# EXERCISE DESCRIPTION
Retype every record exactly. Skip the images.

┌──

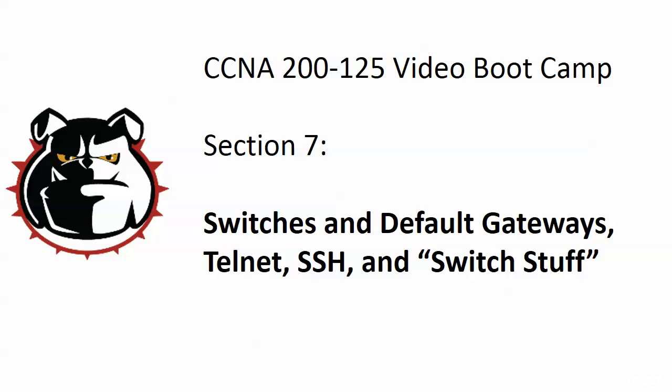Alright, we got a little routing under our belt now, a little work with that IP route command and more of that to come. But right now, we're going to step back to the switches a little bit because we got some unfinished business and we hate unfinished business. We're going to take a look at how a switch is going to use a default gateway and more importantly, how to configure one.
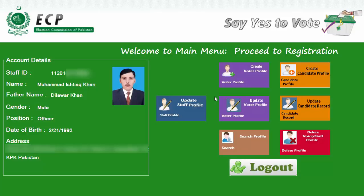This is all because I have already designed the MySQL database. By entering the correct information — the correct user ID and the correct password for that user ID — you can login successfully, as I have demonstrated in front of you.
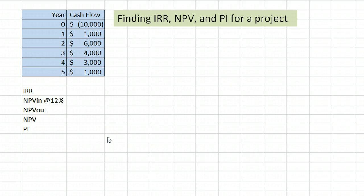In this example, we are going to find the internal rate of return, IRR, the net present value, NPV, and the profitability index, PI, for a project.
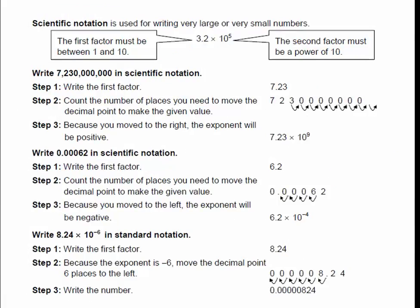Now some scientific notation review. You've probably done this before in science class or a different math class. The first factor must be between 1 and 10 — one digit, decimal point, any other digits. It will never be 32, 107, or anything bigger than 10; it has to be one digit only. The second factor must be a power of 10. This is one of the few times in algebra when we write our times sign as an x.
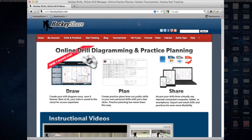Welcome to HockeyShare.com. In this quick tutorial, we're going to show you how to add drills to your practice plans.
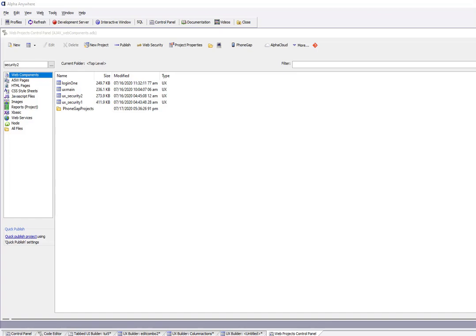When you build iOS applications using PhoneGap you need to create signing certificates before you can build the application. In order to create signing certificates you'll have to have an Apple developer account, but it can be quite tricky to create these certificates unless you use the new built-in Genie in Alpha to help you build the certificates.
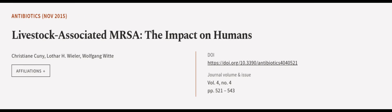This article was authored by Christian Cuny, Lothar H. Wheeler, and Wolfgang Witt. WeAreArticle.tv, links in the description below.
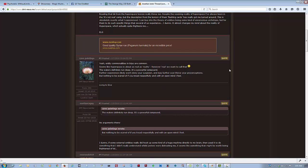Yeah, entity commonalities and trips are common. Seems like hyperspace is about as real as reality, however real we want to call that. The water definitely runs deep, it's a powerful compound. Further experiences likely won't deny your suspicion and may further overthrow your preconceptions. But nothing to be scared of if you tread respectfully and with an open mind, I feel.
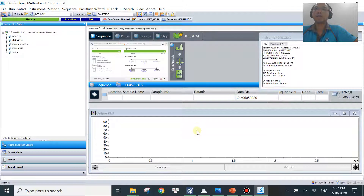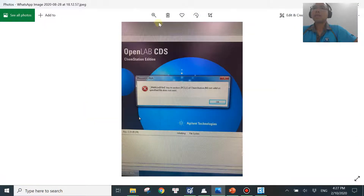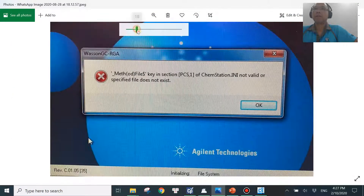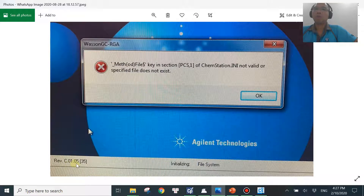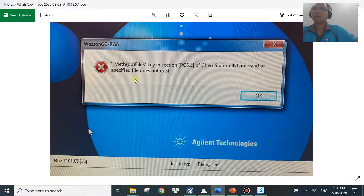In many cases you will be using older versions and the error message will be a little bit different. Let me show you another one. This is a very common error message — basically the same issue but the message is worded differently. The version shown is C01.05 and it will say the method file 'dollar key' in section PCS1 of ChemStation ini is not valid or does not exist.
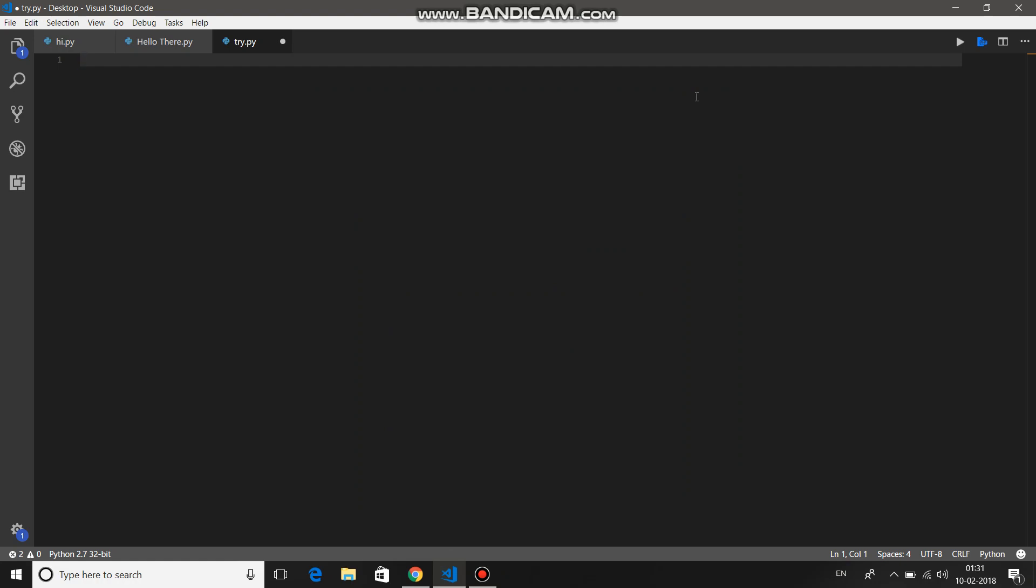For doing so, we're going to use the PIL library from Python. If you haven't installed that library yet, please refer to my first video. So let's start with the coding part. Just import from PIL...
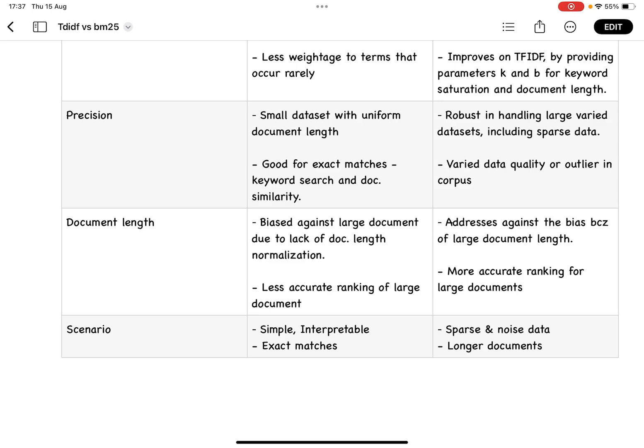That is one of the drawbacks of TF-IDF, which makes it provide a less accurate ranking to words appearing in a document. This is overcome by BM25 by including normalization of the term frequency based on the document length.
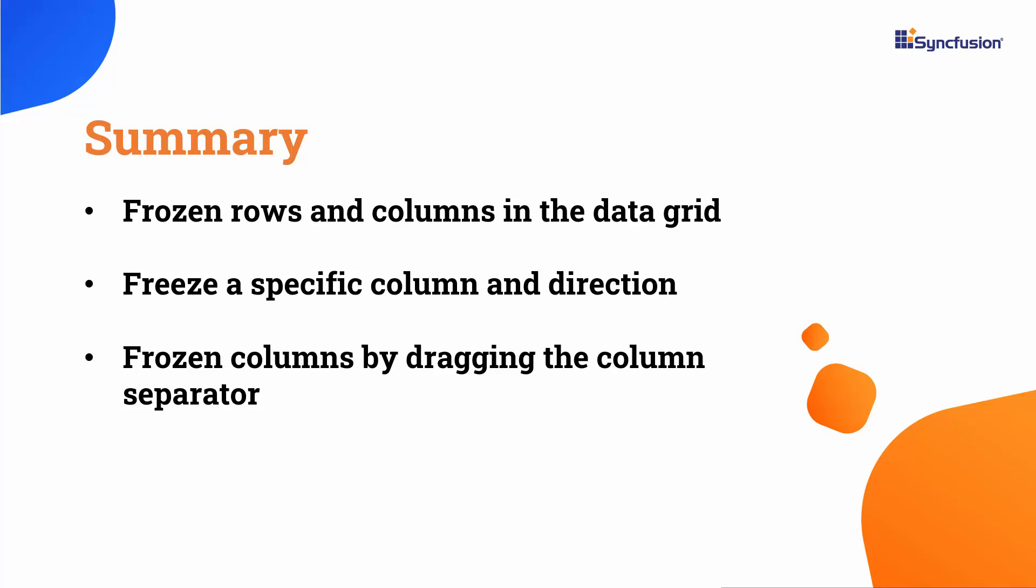For more information on the grid features, be sure to check out the documentation link provided in the video description. If you would like to see the working code of this example, you can download it from the GitHub link in the description below.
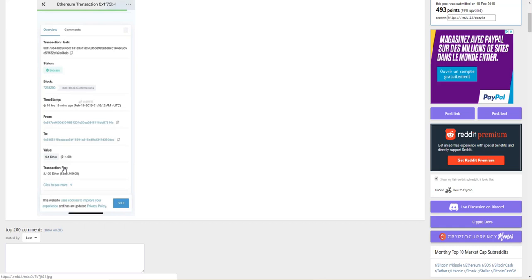I almost wonder if someone wanted to transfer this amount of fees but they switched it up. They wanted to transfer this amount but for the value, they switched it up.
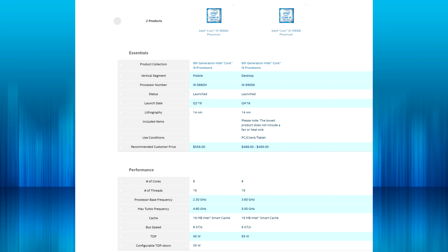The main differences between them are found in the TDP and the clock speeds. The 9900K has over double the TDP at 95 watts but also has higher base and boost clock speeds. The 9880H is designed to be more power efficient, but how much is that going to impact performance? Well, that's what we'll be testing out soon.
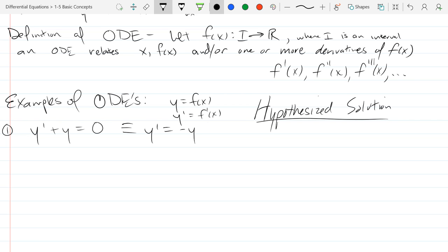What function has a derivative equal to negative itself? An exponential function doesn't change much when you take its derivative — using the chain rule, e^(−x) has derivative −e^(−x). So if y = e^(−x), then y′ = −e^(−x), and adding y and y′ gives zero. That works.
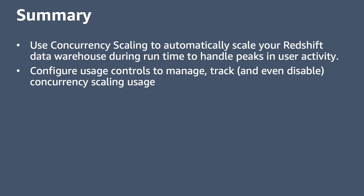To summarize, you can enable concurrency scaling to automatically scale your Redshift data warehouse to handle peaks in concurrency needs. You can also configure usage controls to manage your concurrency scaling usage and associated costs. Remember that you accrue one hour of concurrency scaling credits for every 24 hours your cluster is in use, up to a total of 30 hours, and this resets every month. That brings us to the end of this demo on concurrency scaling. Thank you for watching.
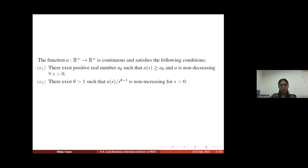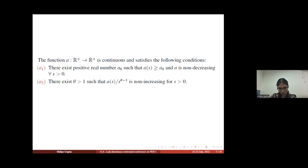The function a from R⁺ to R⁺ is continuous and satisfies two conditions. First, there exists a positive real number a₀ such that a(s) is greater than or equal to a₀ and a is non-decreasing for all s greater than 0. Second, there exists theta greater than 1 such that a(s) divided by s to the power theta minus 1 is non-decreasing for s greater than 0.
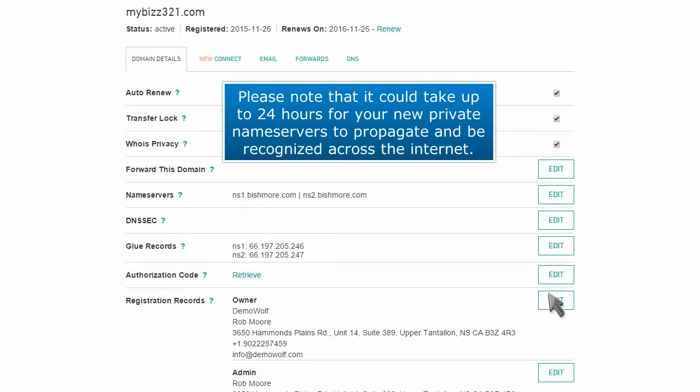Please note that it could take up to 24 hours for your new private name servers to propagate and be recognized across the internet.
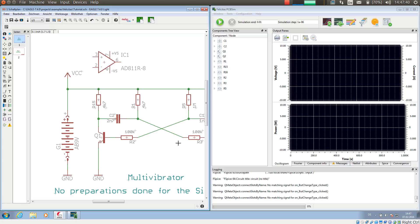Now if I start the simulation by pressing simulate current sheet, PCB-SIM will recognize this as the correct operational amplifier.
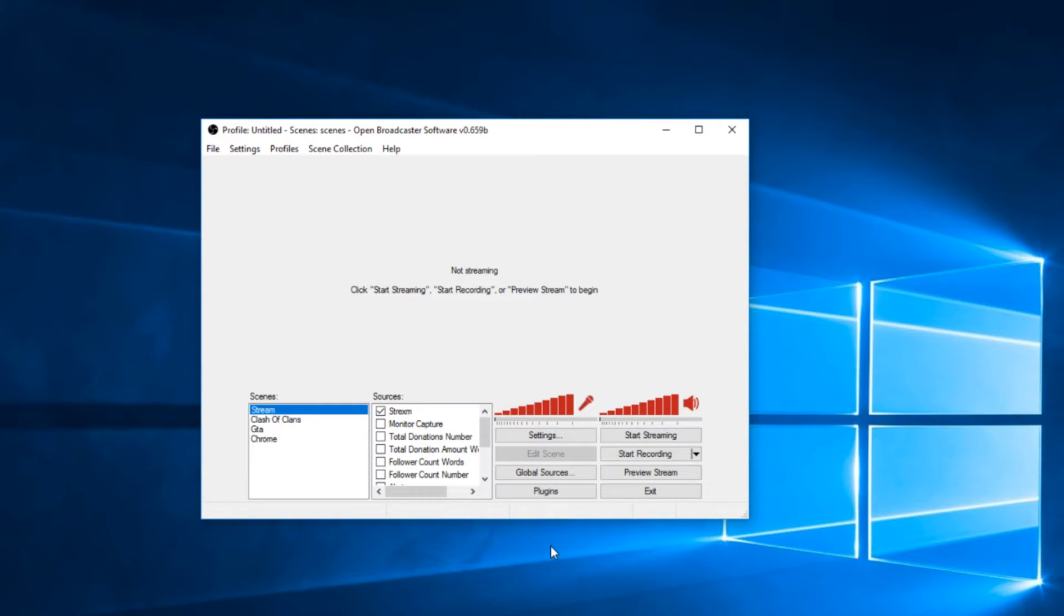So basically, here's what your video would look like if you had this problem that I'm about to show you how to fix.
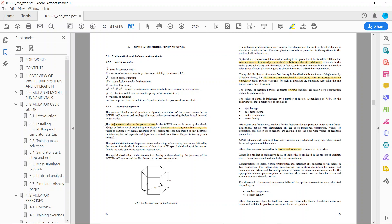You can download this from the International Atomic Energy Agency website. If you don't find it, you can ask in the comments and I will put the link. Let's go to the numerical model part, section 2.1 mathematical model of core neutron kinetics.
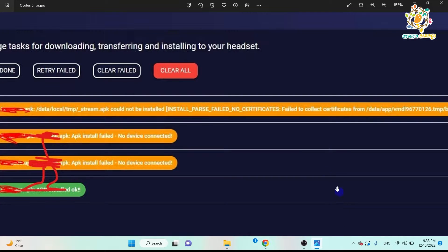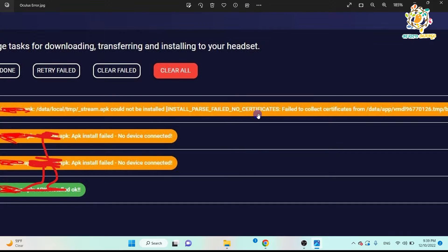In today's tutorial we are going to talk about the issue that whenever we are trying to install our application on Oculus, Android, or iOS devices, we can get this kind of error. I was getting this error when I was installing my application inside the Oculus Quest 2.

└──

# FINISHED EXERCISE
Alright, we got a little routing under our belt now, a little work with that IP route command and more of that to come. But right now, we're going to step back to the switches a little bit because we got some unfinished business and we hate unfinished business. We're going to take a look at how a switch is going to use a default gateway and more importantly, how to configure one.
This is all because I have already designed the MySQL database. By entering the correct information — the correct user ID and the correct password for that user ID — you can login successfully, as I have demonstrated in front of you.
In this example, we are going to find the internal rate of return, IRR, the net present value, NPV, and the profitability index, PI, for a project.
Now some scientific notation review. You've probably done this before in science class or a different math class. The first factor must be between 1 and 10 — one digit, decimal point, any other digits. It will never be 32, 107, or anything bigger than 10; it has to be one digit only. The second factor must be a power of 10. This is one of the few times in algebra when we write our times sign as an x.
Welcome to HockeyShare.com. In this quick tutorial, we're going to show you how to add drills to your practice plans.
When you build iOS applications using PhoneGap you need to create signing certificates before you can build the application. In order to create signing certificates you'll have to have an Apple developer account, but it can be quite tricky to create these certificates unless you use the new built-in Genie in Alpha to help you build the certificates.
This article was authored by Christian Cuny, Lothar H. Wheeler, and Wolfgang Witt. WeAreArticle.tv, links in the description below.
Yeah, entity commonalities and trips are common. Seems like hyperspace is about as real as reality, however real we want to call that. The water definitely runs deep, it's a powerful compound. Further experiences likely won't deny your suspicion and may further overthrow your preconceptions. But nothing to be scared of if you tread respectfully and with an open mind, I feel.
In many cases you will be using older versions and the error message will be a little bit different. Let me show you another one. This is a very common error message — basically the same issue but the message is worded differently. The version shown is C01.05 and it will say the method file 'dollar key' in section PCS1 of ChemStation ini is not valid or does not exist.
For doing so, we're going to use the PIL library from Python. If you haven't installed that library yet, please refer to my first video. So let's start with the coding part. Just import from PIL...
That is one of the drawbacks of TF-IDF, which makes it provide a less accurate ranking to words appearing in a document. This is overcome by BM25 by including normalization of the term frequency based on the document length.
For more information on the grid features, be sure to check out the documentation link provided in the video description. If you would like to see the working code of this example, you can download it from the GitHub link in the description below.
I almost wonder if someone wanted to transfer this amount of fees but they switched it up. They wanted to transfer this amount but for the value, they switched it up.
The main differences between them are found in the TDP and the clock speeds. The 9900K has over double the TDP at 95 watts but also has higher base and boost clock speeds. The 9880H is designed to be more power efficient, but how much is that going to impact performance? Well, that's what we'll be testing out soon.
What function has a derivative equal to negative itself? An exponential function doesn't change much when you take its derivative — using the chain rule, e^(−x) has derivative −e^(−x). So if y = e^(−x), then y′ = −e^(−x), and adding y and y′ gives zero. That works.
To summarize, you can enable concurrency scaling to automatically scale your Redshift data warehouse to handle peaks in concurrency needs. You can also configure usage controls to manage your concurrency scaling usage and associated costs. Remember that you accrue one hour of concurrency scaling credits for every 24 hours your cluster is in use, up to a total of 30 hours, and this resets every month. That brings us to the end of this demo on concurrency scaling. Thank you for watching.
The function a from R⁺ to R⁺ is continuous and satisfies two conditions. First, there exists a positive real number a₀ such that a(s) is greater than or equal to a₀ and a is non-decreasing for all s greater than 0. Second, there exists theta greater than 1 such that a(s) divided by s to the power theta minus 1 is non-decreasing for s greater than 0.
Please note that it could take up to 24 hours for your new private name servers to propagate and be recognized across the internet.
Now if I start the simulation by pressing simulate current sheet, PCB-SIM will recognize this as the correct operational amplifier.
So basically, here's what your video would look like if you had this problem that I'm about to show you how to fix.
You can download this from the International Atomic Energy Agency website. If you don't find it, you can ask in the comments and I will put the link. Let's go to the numerical model part, section 2.1 mathematical model of core neutron kinetics.
In today's tutorial we are going to talk about the issue that whenever we are trying to install our application on Oculus, Android, or iOS devices, we can get this kind of error. I was getting this error when I was installing my application inside the Oculus Quest 2.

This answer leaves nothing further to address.